Right now they're comparing to the 7B Llama 2, which is a shadow of 65B llama2, which is a couple steps off ChatGPT, which is a shadow of GPT4.
I'm still comfy saying yes because there's no reason to doubt it will follow the same logic as "eventually $phone will have the same FLOPS as $desktop"
Bingo. This (not the parameter count) is the amazing thing to me.
Garbage in garbage out, and there is a ton of garbage in the Falcon/Llama (and OpenAI?) datasets. It feels like such a waste of compute and parameter space.
do these llms get trained with something like a credibility weight on the training data? that was it seems they did in this paper, just manually curated that
Think common use cases. A lot of users are students, do I want it to write an essay like a linguist? Or solve my homework using the better but more advanced techniques and style?
If you have input data that includes a high rated reddit eli5 question, the content of that answer might be hard to verify, the style and way its delivered would be ideal to keep around in the training data. on the other side, technical in-depth answers have content that is worth keeping around, the style of its delivery would be very specific.
Keeping the entire internet around in your training data would still give you access to all these types of delivery still. hope that makes sense.

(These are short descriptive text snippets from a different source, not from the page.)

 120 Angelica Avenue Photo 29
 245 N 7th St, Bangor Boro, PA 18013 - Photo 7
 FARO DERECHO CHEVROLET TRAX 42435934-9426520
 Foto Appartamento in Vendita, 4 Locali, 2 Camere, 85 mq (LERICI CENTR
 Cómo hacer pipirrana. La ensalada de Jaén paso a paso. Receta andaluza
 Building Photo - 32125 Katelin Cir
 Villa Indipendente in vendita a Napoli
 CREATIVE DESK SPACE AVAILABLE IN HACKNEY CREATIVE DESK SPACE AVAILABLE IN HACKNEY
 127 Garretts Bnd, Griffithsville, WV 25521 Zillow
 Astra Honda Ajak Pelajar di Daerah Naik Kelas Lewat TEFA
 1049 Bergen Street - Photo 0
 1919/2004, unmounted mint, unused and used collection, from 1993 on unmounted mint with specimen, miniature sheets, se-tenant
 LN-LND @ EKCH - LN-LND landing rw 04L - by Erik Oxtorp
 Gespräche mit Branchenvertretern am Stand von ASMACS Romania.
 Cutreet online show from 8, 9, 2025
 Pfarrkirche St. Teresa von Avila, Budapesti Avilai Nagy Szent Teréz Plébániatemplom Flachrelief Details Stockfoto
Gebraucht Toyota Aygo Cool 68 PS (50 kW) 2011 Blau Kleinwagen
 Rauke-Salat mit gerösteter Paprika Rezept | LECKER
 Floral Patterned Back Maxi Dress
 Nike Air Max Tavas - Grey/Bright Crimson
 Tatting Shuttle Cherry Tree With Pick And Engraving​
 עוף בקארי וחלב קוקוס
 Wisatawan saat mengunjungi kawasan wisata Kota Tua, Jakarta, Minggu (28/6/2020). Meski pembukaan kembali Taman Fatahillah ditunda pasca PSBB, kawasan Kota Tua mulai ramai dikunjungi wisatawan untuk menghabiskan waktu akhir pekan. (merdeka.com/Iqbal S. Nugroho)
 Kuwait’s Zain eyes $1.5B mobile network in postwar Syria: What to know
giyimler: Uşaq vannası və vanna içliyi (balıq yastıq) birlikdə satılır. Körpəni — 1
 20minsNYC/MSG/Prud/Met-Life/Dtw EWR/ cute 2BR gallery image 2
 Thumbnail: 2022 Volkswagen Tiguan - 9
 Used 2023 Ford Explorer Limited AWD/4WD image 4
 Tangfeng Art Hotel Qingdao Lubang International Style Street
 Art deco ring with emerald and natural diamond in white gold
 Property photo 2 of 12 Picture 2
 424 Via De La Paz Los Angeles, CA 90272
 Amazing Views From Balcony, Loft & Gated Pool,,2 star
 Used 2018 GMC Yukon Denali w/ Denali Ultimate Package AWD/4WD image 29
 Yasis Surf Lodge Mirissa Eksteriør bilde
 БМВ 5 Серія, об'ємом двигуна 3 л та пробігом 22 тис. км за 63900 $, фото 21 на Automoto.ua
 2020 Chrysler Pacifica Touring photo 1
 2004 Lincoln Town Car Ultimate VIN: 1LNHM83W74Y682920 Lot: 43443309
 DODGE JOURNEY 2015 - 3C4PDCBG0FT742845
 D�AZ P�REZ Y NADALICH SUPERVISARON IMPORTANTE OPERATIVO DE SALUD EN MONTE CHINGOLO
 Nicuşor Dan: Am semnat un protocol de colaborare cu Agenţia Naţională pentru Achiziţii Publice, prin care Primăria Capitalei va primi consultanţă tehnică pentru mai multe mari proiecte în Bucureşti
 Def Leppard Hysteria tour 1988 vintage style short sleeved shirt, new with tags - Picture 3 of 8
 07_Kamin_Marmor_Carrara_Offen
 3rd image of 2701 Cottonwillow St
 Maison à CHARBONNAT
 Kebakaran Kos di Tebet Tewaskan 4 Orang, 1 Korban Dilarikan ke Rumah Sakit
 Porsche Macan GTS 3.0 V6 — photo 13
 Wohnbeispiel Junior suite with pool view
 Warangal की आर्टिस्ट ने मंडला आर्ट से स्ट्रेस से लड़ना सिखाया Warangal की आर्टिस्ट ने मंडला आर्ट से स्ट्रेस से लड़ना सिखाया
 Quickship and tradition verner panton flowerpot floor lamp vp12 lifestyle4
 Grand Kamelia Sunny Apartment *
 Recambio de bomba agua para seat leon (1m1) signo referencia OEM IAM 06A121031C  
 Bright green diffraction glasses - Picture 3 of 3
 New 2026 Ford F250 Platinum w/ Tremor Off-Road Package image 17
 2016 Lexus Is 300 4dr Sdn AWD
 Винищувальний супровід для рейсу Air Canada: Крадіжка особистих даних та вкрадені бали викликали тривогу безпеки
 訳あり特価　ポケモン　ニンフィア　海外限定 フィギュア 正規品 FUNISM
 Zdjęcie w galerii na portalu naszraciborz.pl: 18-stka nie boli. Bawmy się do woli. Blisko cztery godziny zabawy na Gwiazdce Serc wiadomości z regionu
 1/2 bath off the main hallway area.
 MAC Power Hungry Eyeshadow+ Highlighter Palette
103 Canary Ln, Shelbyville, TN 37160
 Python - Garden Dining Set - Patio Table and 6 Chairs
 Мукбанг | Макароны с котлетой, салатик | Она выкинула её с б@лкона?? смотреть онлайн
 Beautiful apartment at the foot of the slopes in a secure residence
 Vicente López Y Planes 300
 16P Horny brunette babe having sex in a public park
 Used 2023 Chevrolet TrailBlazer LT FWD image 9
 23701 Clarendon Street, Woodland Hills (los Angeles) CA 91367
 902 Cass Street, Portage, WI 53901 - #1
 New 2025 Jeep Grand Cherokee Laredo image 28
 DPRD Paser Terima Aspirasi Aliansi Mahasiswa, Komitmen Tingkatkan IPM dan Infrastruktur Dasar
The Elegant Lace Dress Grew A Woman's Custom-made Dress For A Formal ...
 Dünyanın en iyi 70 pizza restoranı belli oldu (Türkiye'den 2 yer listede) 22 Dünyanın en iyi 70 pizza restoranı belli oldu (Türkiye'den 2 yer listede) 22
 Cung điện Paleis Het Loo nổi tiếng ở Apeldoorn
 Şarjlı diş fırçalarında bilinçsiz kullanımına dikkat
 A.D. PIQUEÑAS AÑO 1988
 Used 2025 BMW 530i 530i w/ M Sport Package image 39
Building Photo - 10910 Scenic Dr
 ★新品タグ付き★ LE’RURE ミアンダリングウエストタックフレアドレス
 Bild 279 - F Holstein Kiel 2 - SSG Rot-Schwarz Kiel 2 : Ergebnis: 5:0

You do want the underlying model to be capable of the advanced answers, since if it is, it can be used to supply simple answers. You can't make that work the other way around in the same way.
This is true and most researchers understand this on some level (https://arxiv.org/abs/2305.07759) but understanding it doesn't really make the problem any easier. How do you curate a general purpose model's dataset without throwing the baby out with the bathwater ?
EDIT: This paper seems to take a good stab at the question. https://arxiv.org/abs/2309.04564
Time, money, and human work. The pruning process needs focused input from experts other than ML researchers and data scientists.
Maybe we could train an AI to do it ;)
I don't think finetuning phi-1 on good quality synthetic data will increase its accuracy as it is only trained on that.